Neo-Attic or Atticizing is a sculptural style, beginning in Hellenistic sculpture and vase-painting of the 2nd century BCE and climaxing in Roman art of the 2nd century CE, copying, adapting or closely following the style shown in reliefs and statues of the Classical and Archaic periods. It was first produced by a number of Neo-Attic workshops at Athens, which began to specialize in it, producing works for purchase by Roman connoisseurs, and was taken up in Rome, probably by Greek artisans.

The Palestrina Mosaic or Nile mosaic of Palestrina is a late Hellenistic floor mosaic depicting the Nile in its passage from the Blue Nile to the Mediterranean. The mosaic was part of a Classical sanctuary-grotto in Palestrina, a town east of Ancient Rome, in central Italy. It has a width of 5.85 metres and a height of 4.31 metres and provides a glimpse into the Roman fascination with ancient Egyptian exoticism in the 1st century BC, both as an early manifestation of the role of Egypt in the Roman imagination and an example of the genre of "Nilotic landscape", with a long iconographic history in Egypt and the Aegean.

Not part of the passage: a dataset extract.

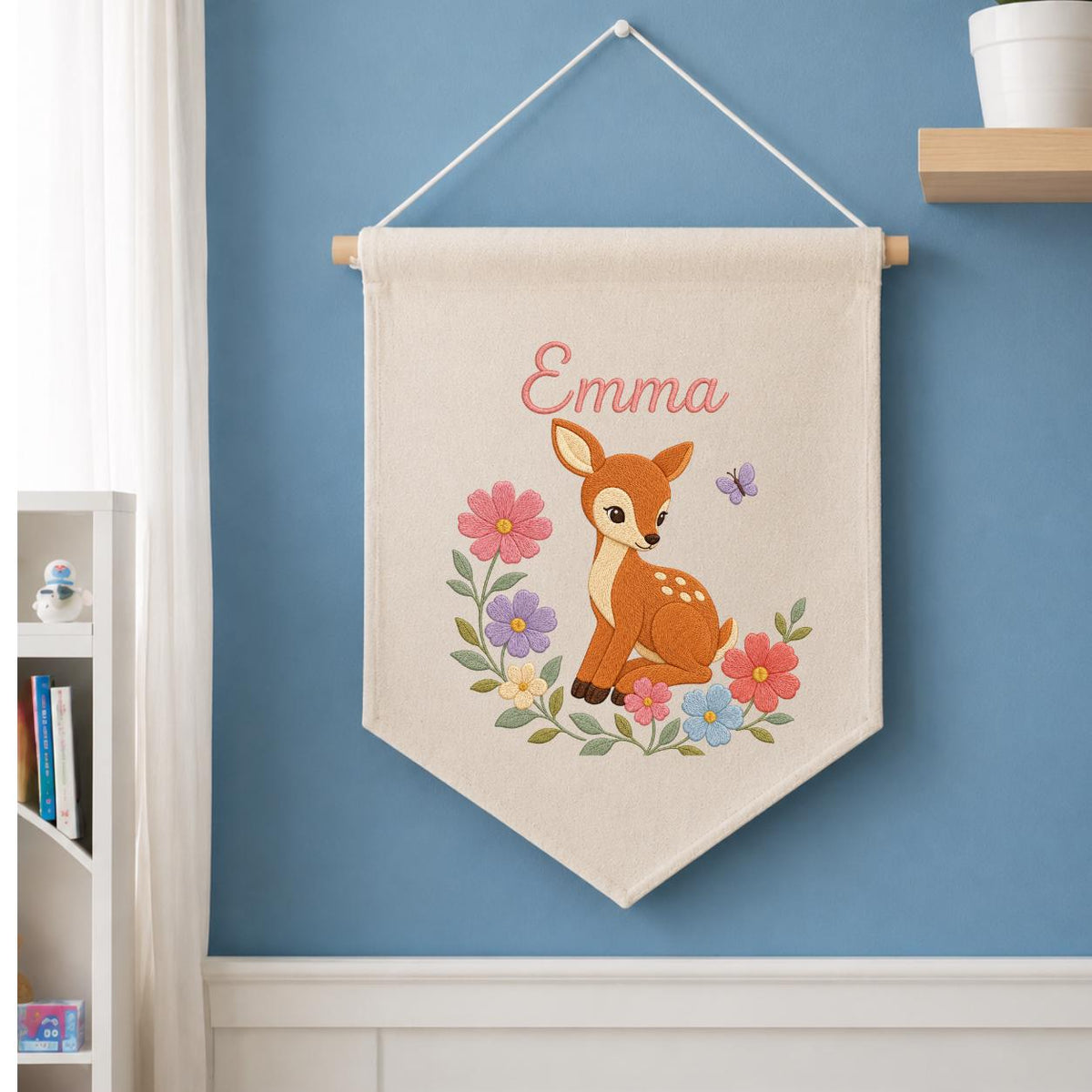 Personalized Baby Deer Canvas Pennant Banner, Custom Name Emma Floral Embroidered Woodland Fawn Girl Nursery Wall Hanging Sign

Parthian art was Iranian art made during the Parthian Empire from 247 BC to 224 AD, based in the Near East. It has a mixture of Persian and Hellenistic influences. For some time after the period of the Parthian Empire, art in its styles continued for some time. A typical feature of Parthian art is the frontality of the people shown. Even in narrative representations, the actors do not look at the object of their action, but at the viewer. These are features that anticipate the art of medieval Europe and Byzantium.

The Metropolitan Museum of Art has in its collection a 1st-century rhyton terminating in the forepart of a wild cat. The silver drinking vessel, which depicts a wild cat, is attributed to the Parthian Empire.

The Sampul tapestry is an ancient woolen wall-hanging found at the Tarim Basin settlement of Sampul in Lop County, Hotan Prefecture, Xinjiang, China, close to ancient city of Khotan. The object has many Hellenistic period features, including a Greek centaur and diadem, linking it to the Greco-Bactrian Kingdom. It may represent a Yuezhi soldier, in red jacket and trousers, from the 1st century CE.
Sasanian art, or Sassanid art, was produced under the Sasanian Empire which ruled from the 3rd to 7th centuries AD, before the Muslim conquest of Persia was completed around 651. In 224 AD, the last Parthian king was defeated by Ardashir I. The resulting Sasanian dynasty would last for four hundred years, ruling modern Iran, Iraq, and much territory to the east and north of modern Iran. At times the Levant, much of Anatolia and parts of Egypt and Arabia were under its control. It began a new era in Iran and Mesopotamia, which in many ways was built on Achaemenid traditions, including the art of the period. Nevertheless, there were also other influences on art of the period that came from as far as China and the Mediterranean.
A stone palette is a round tray commonly found in the areas of Bactria and Gandhara, and which usually represent Greek mythological scenes. Some of them are attributed to the Indo-Greek period in the 2nd and 1st century BCE Many are considered to be of later production, around the 1st century CE during the time of the Indo-Parthians. They practically disappeared after the 1st century. Many have been found at the archaeological site of Sirkap, in today's Pakistan.

The Thracian horseman is the name given to a recurring motif of a horseman depicted in reliefs of the Hellenistic and Roman periods in the Balkans. Inscriptions found in Romania identify the horseman as Heros, apparently the word heros used as a proper name.

Villa Boscoreale is a name given to any of several Roman villas discovered in the district of Boscoreale, Italy. They were all buried and preserved by the eruption of Mount Vesuvius in 79 AD, along with Pompeii and Herculaneum. The only one visible in situ today is the Villa Regina, the others being reburied soon after their discovery. Nevertheless, among the most important finds from these others are the exquisite frescoes from the Villa of Publius Fannius Synistor and the sumptuous silver collection of the Villa della Pisanella, which are now displayed in several major museums.